Entre ombre et récit, histoire d’une transmission de mémoire
Comment les générations futures pourront-elles se souvenir de l’existence des centres de stockage de déchets radioactifs ? Comment transmettre cette mémoire sur une longue période, alors que la langue et l’écriture pourraient changer, tout comme les techniques de communication et d’information ?
C’est ce défi qu’a tenté de résoudre la graphiste et autrice Juliette Nier lors des cinq mois qu’elle a passé au Signe, le Centre national du graphisme de Chaumont (52), dans le cadre de la deuxième résidence « Prospectives graphiques », créée en partenariat avec l’Andra.
Quelle solution avez-vous explorée pour participer à l’émergence d’une mémoire collective sur le long terme ?
Quand on regarde plusieurs milliers d’années en arrière, on se rend compte que ce qui perdure, ce sont les mythologies, transmises oralement de génération en génération. Je me suis donc dit que pour transmettre la mémoire des centres de stockage de déchets radioactifs, il fallait adopter une méthode similaire : imaginer un récit expliquant de façon pédagogique ce que sont des déchets radioactifs, pourquoi ils sont dangereux et comment ils sont gérés ; puis favoriser sa transmission en mettant en forme ce récit à travers un théâtre d’ombres. Ainsi, en plus d’une édition qui garde trace du récit, l’idée est de le jouer devant un public, à l’aide d’objets pérennes. J’ai donc conçu 150 formes en inox, représentant soit des symboles (l’énergie, l’électricité, la radioactivité…), soit des choses concrètes (une centrale nucléaire, un colis de déchets…). Sur scène, pendant 25 minutes, avec deux autres artistes, Elisabetta Spaggiari et Philippine Brenac, nous les manipulons devant la lumière pour raconter une « technogonie » du nucléaire (techno- pour technique, -gonie pour genèse), et expliquer la raison d’être des centres de stockage de déchets radioactifs. Même si le cinéma, l’écriture et l’électricité venaient à disparaître, le récit graphique et analphabète que je propose pourra perdurer.
« Le récit graphique et analphabète que je propose pourra perdurer »
Pourquoi avoir postulé à cette résidence ?
Je travaillais déjà sur la transmission de la mémoire grâce à des récits par l’image. En 2018, à l’issue de mes études de design graphique aux Arts Décoratifs, j’avais rendu un projet sur la manière de créer de nouvelles formes d’écriture qui puissent raconter des faits d’actualité en utilisant des images fixes.

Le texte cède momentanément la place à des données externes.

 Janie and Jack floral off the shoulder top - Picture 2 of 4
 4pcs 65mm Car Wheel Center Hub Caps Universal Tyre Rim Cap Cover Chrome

J’ai ensuite travaillé avec le musée national de Damas, en Syrie, sur la transmission de son histoire et de son patrimoine, alors qu’il était menacé par la guerre. Dans les deux cas, il s’agissait de concevoir des objets et de les manipuler lors de performances-spectacles, pour expliquer et vulgariser des faits scientifiques ou historiques. Quand j’ai vu l’appel à candidatures du Centre national du graphisme de Chaumont, le Signe, j’ai très logiquement postulé !
Comment avez-vous vécu cette résidence ?
De mars à juillet 2022, on m’a laissé mener mes recherches très librement. Les équipes de l’Andra m’ont fait visiter leurs sites de stockage de déchets radioactifs, le laboratoire de recherche souterrain et m’ont donné accès à des archives. J’ai aussi pu me documenter auprès d’autres institutions concernées par la radioactivité : le musée Curie, le Commissariat à l'énergie atomique et aux énergies alternatives (CEA)… Après cela, j’ai réalisé mes outils et j’ai eu plusieurs occasions de présenter le résultat de mon travail. Une performance a été organisée en septembre 2022 lors de la journée portes ouvertes du Centre Meuse/Haute-Marne de l’Andra, puis à son siège parisien.
Et maintenant ?
Deux représentations ont eu lieu fin 2022 dans un lieu de spectacles et de réflexions parisien, La Générale. Et d’autres sont prévus en 2023 dans des établissements scolaires. L’idée est bien de diffuser cette mythologie, pour l’ancrer dans la mémoire collective.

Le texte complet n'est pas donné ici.